On 7/18/23 01:18, Luca Ferrari wrote:
> Dear all,
> I'm looking for ideas here, and it could be someone already stepped
> into declarative partitioning of an existing database where Hibernate
> (a Java ORM) handles the tables.
> The situation is as follows:
>
> create table foo( id primary key, a_date date, ... );
>
> Now, the trivial way to partition this would be on a range based on
> a_date, so that the primary key of the tables shifts from id to (id,
> a_date).

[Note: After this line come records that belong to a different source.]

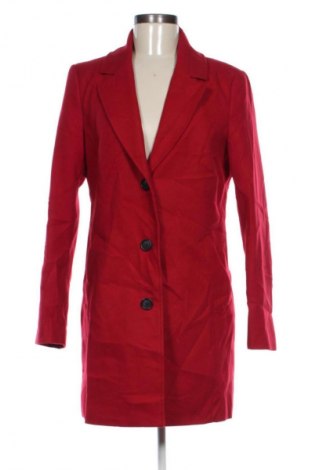 Damenmantel Orsay, Größe M, Farbe Rot, Preis 58,99 €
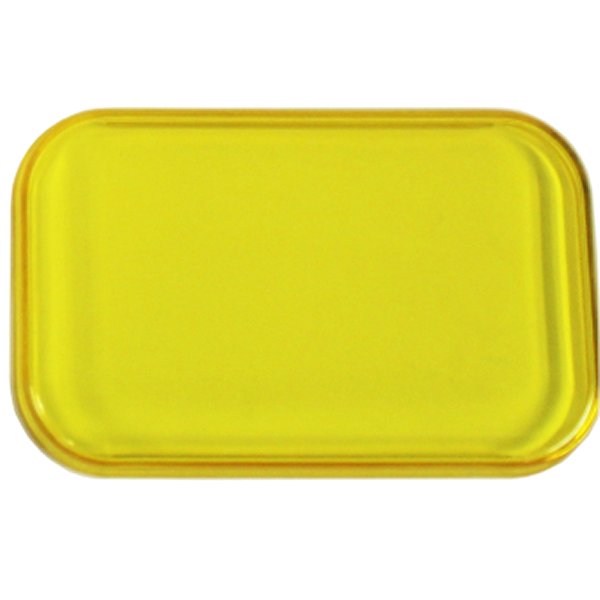 Rock Guard - Amber S2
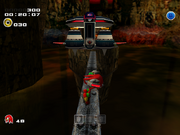Gunhawk.png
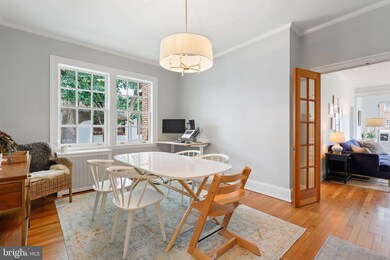 221 Stony Run Ln unit I-3, Baltimore, MD 21210 - photo 3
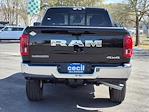 New 2025 Ram 2500 Laramie Crew Cab 4x4 Pickup for sale #G527718 - photo 7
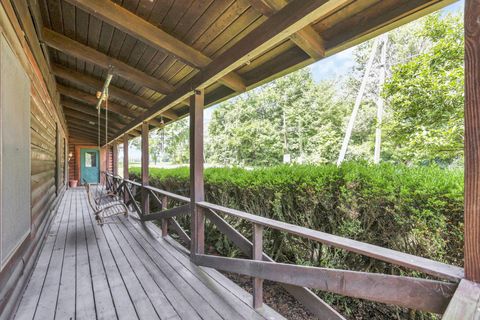 Tiny photo for 13426 Shell Beach Road NE, Thornville, OH 43076 (MLS # 226025088)
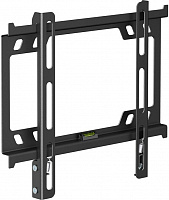 Кронштейн HOLDER LCD-F2617-B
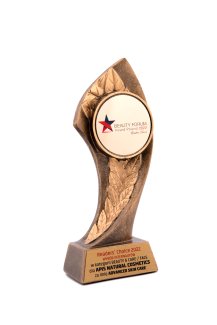 Beauty Forum Award 2022 wybór internautów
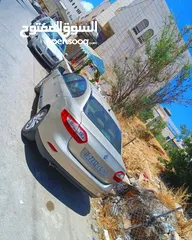  1 تشكيله سيارات للبيع قانوني وامكانيه البيع شكات او كاش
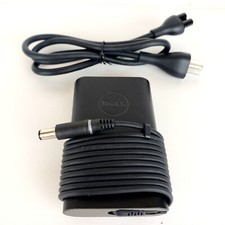 Dell HA65NM130 65W Laptop Charger AC Adapter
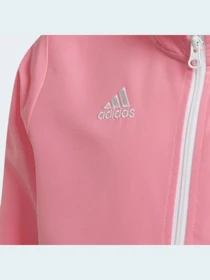 Худі та світшоти Adidas модель HC5037 Фото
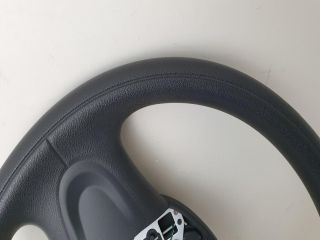 bontott MINI HATCHBACK Kormány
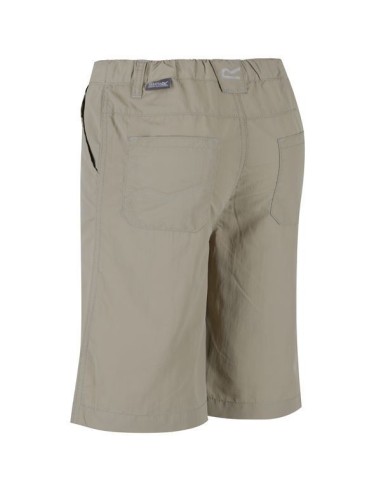 Regatta Sorcer Navy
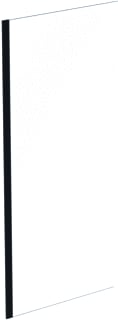 Ideal Standard - Connect 2 Inloopdouche  k9377v3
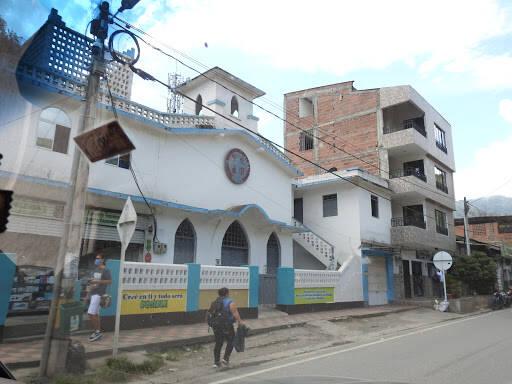 Negocio Dabeiba Antioquia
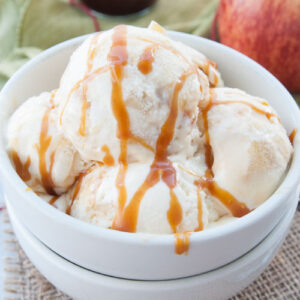 Green Apple Molasses - Image 2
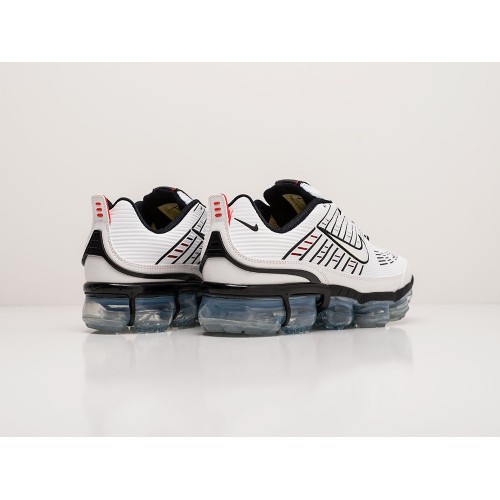 Кроссовки Nike Air VaporMax 360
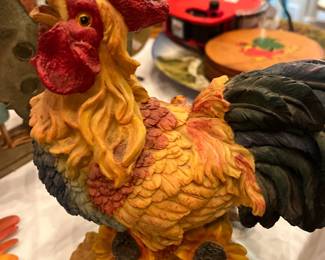 201Dec 03 2025 10 52pmgRNa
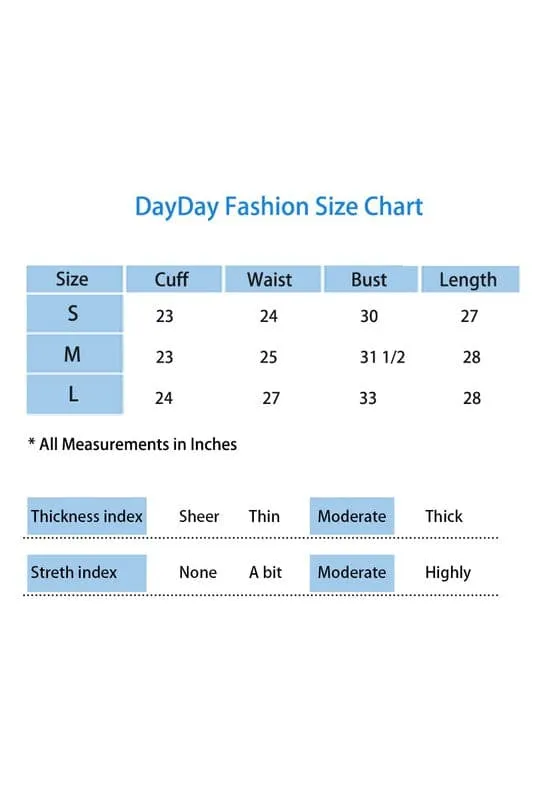 JX940 Deep V Neck Slim Fit Jumpsuit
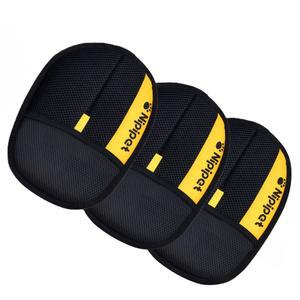 털제거장갑 3개입 강아지 정전기 글로브 글러브 청소용품 DS LC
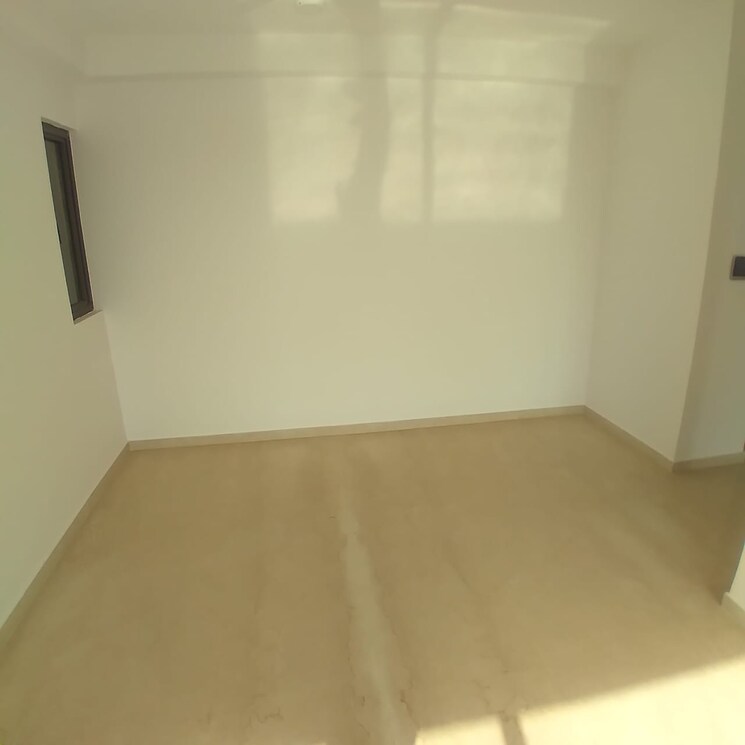 Room, kanakia-silicon-valley 3 Bedroom 986 Sq.Ft. Apartment In Powai Mumbai 9302862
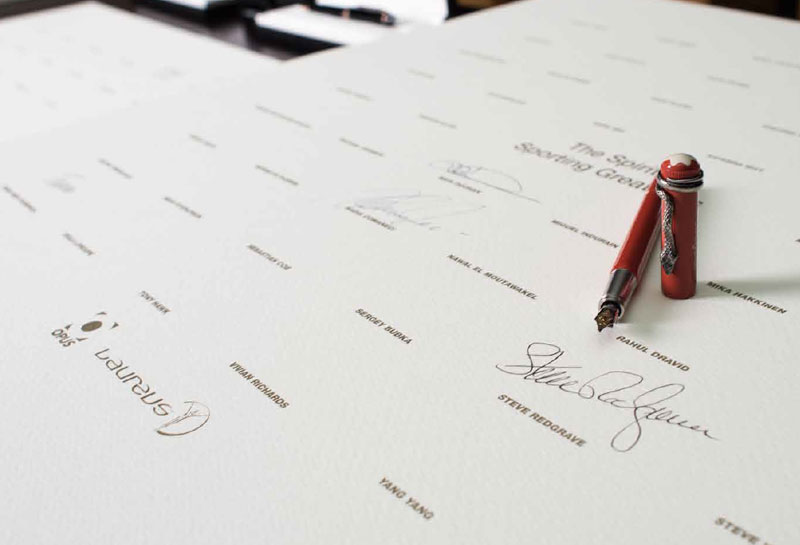 laureus-signatures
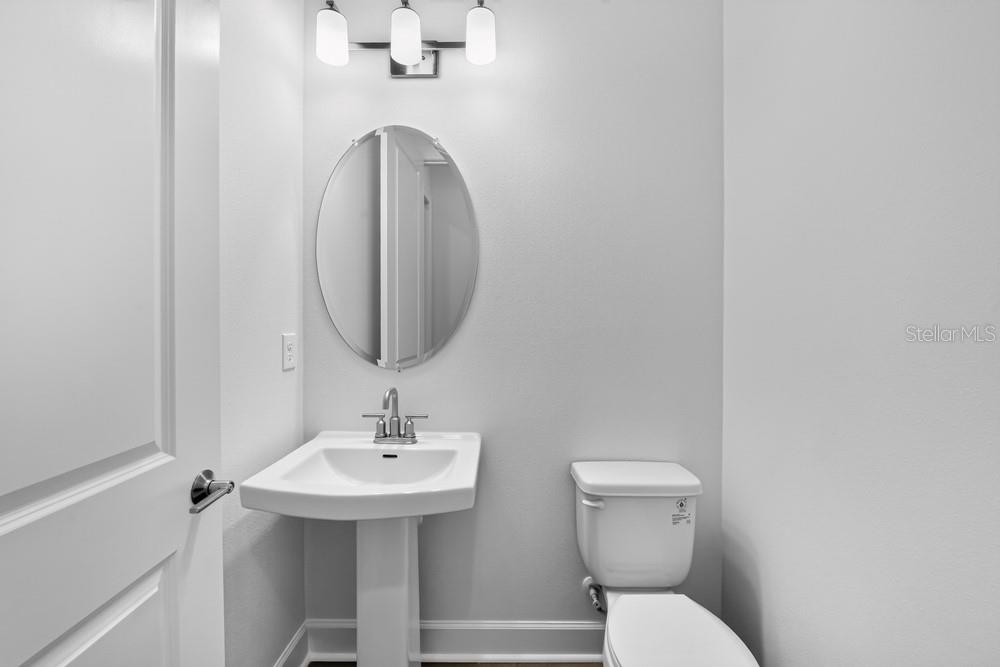 10573 Eclipse St Property Photo 31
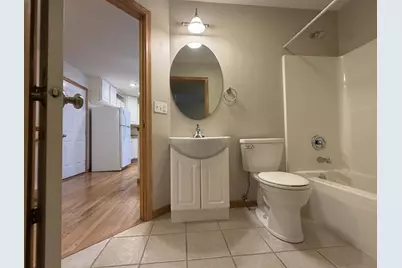 2302/2308 Bootmaker Drive, Beloit, WI 53511 - Photo 35
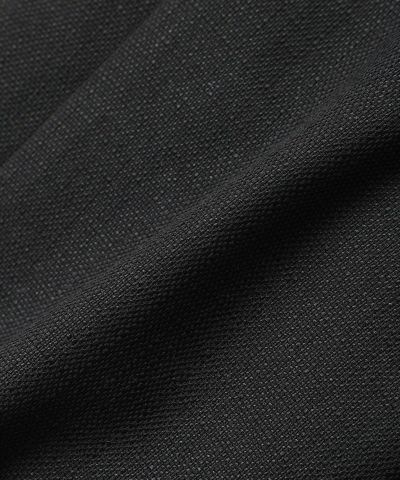 Dough up (black)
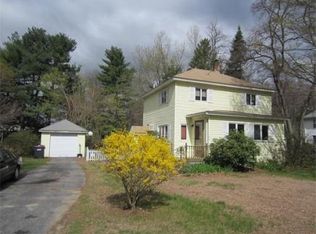28 Red Acre Rd, Stow, MA 01775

One thing that frightens me is that Hibernate does a lot of
> per-row lookups by means of the id, so while the partitioning is
> probably going to make things more manageable and even faster in some
> scenarios, could lead to drawbacks when Hibernate queries by id.
> Moreover, hibernate will think id is unique while it is not anymore.
> Last but not least, referencing foreign keys are made by Hibernate
> thru the id column, and it means that incoming foreign keys to foo
> will not be in place anymore.
>
> Now, I know that I can define a composite key in hibernate, in order
> to match the effective new data structure, but this requires a huge
> rewrite of the application code.
> And after all, we are talking about a non-PostgreSQL related piece, so
> the problem is not on the PostgreSQL side.
>
> Anyone has already done a partitioning in such scenario?
>
> I am thinking that partitioning on an hash of id could be the only way
> to go without having to touch the hibernate side, even if this would
> bring up a less balanced partitioned structure. In such case, I mean
> partitioning by hash, having a table with 60 millions rows per 50 GB
> in size, what would be the rule of thumb to select the number of
> partitions (i.e., a suggested modulus)?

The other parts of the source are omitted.